For the others, well, I consider it a work-in-progress coaching job, teaching the drivers that there are some cyclists (and hopefully a growing number) who respect the traffic laws and their fellow road users.
ShiftlessBadger
29 January 2007 — 10:05
Why should cyclists observe all of the traffic laws as if they were driving cars? Bicycles are not cars. Skipping though a red light when the intersection is clear, riding to the front of a long line of cars at a traffic light (safely on the right hand side, of course), being able to ride on both the sidewalk and the road as vehicular and pedestrian traffic permit- are these not some of the advantages of bicycling? I’m not advocating speeding through red lights and ignoring traffic signs- but those signals and signs were developed to keep car travelers safe- not bicyclists. Bicyclists can be selective in their interpretation of these laws without being reckless or bad “road stewards”.
Grand Poobah
29 January 2007 — 11:32
Here’s why: if a bicycle is using the road it is a vehicle. If I expanded your logic a tad, then motorcyclists should also be immune to traffic laws – as should scooter drivers. Yet you know as well as I that if a motorcyclist blew through stop signs, etc., he’d be issued citations and his operator’s license revoked.
The traffic laws in DC, as well as in almost all of the United States, apply uniformly to all vehicles that use the road. And when a cyclist rides his bicycle on city streets, the bicycle is a vehicle.

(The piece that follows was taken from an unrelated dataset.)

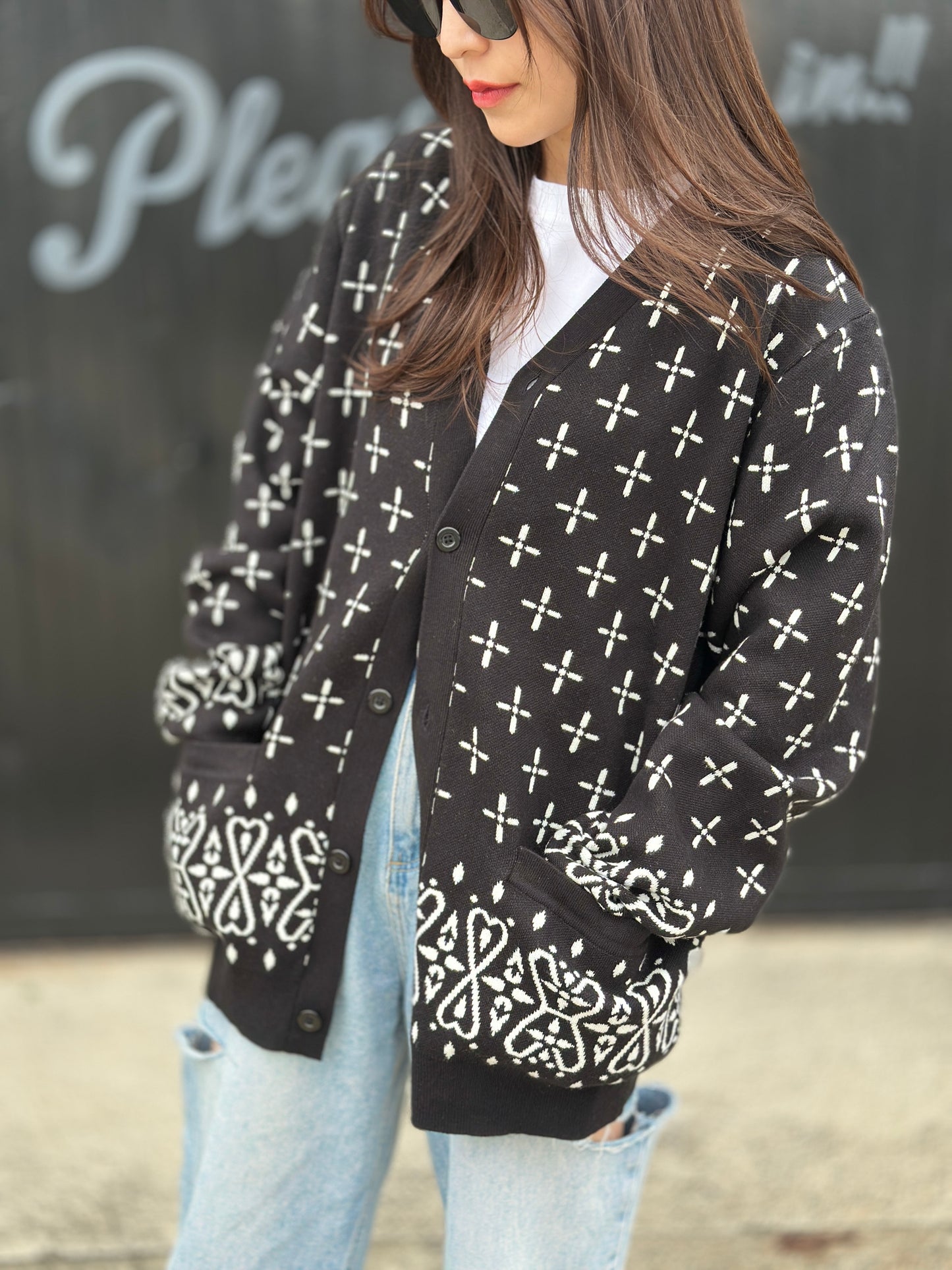 カーディガン Knitted Cardigan Bandanna Cross Black 231-53531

And the signs are there to keep all road users safe: drivers, cyclists, even pedestrians. And so long as you operate a vehicle on a public road, the law is not open to interpretation: it simply applies.
I’m not saying that traffic laws are perfect, or that a cookie-cutter system applies perfectly to cyclists. Indeed, there are many jurisdictions where the traffic laws have been amended to make bicycles a strange subset of road user that has more restriction in road use. But the laws are there, and they do apply to cyclists, like it or not.
You can read more about traffic laws, how they apply to cyclists, and efforts to make traffic laws more applicable and less discriminatory, this is a great page to read:
http://www.bicycledriving.com/trafficlaw.htm
ShiftlessBadger
29 January 2007 — 12:06
Yes, that’s all fine and well. My guess is, on a repeating basis, you cross the street as a pedestrian when you do not have a walk signal, or start across the street when the *don’t walk* sign has already started flashing, or speed up a little bit to make it though a yellow traffic light and the whole of civilization does not fall because you make the decision to follow the spirit of the law, not the letter. Just saying: I find it a bit annoying to be lectured by drivers. If I run a red light and get hit by a car, I die. If you run that light and hit me, I die. See how the moral precariousness of the cyclist might make him slightly less accepting of being lectured by the driving public?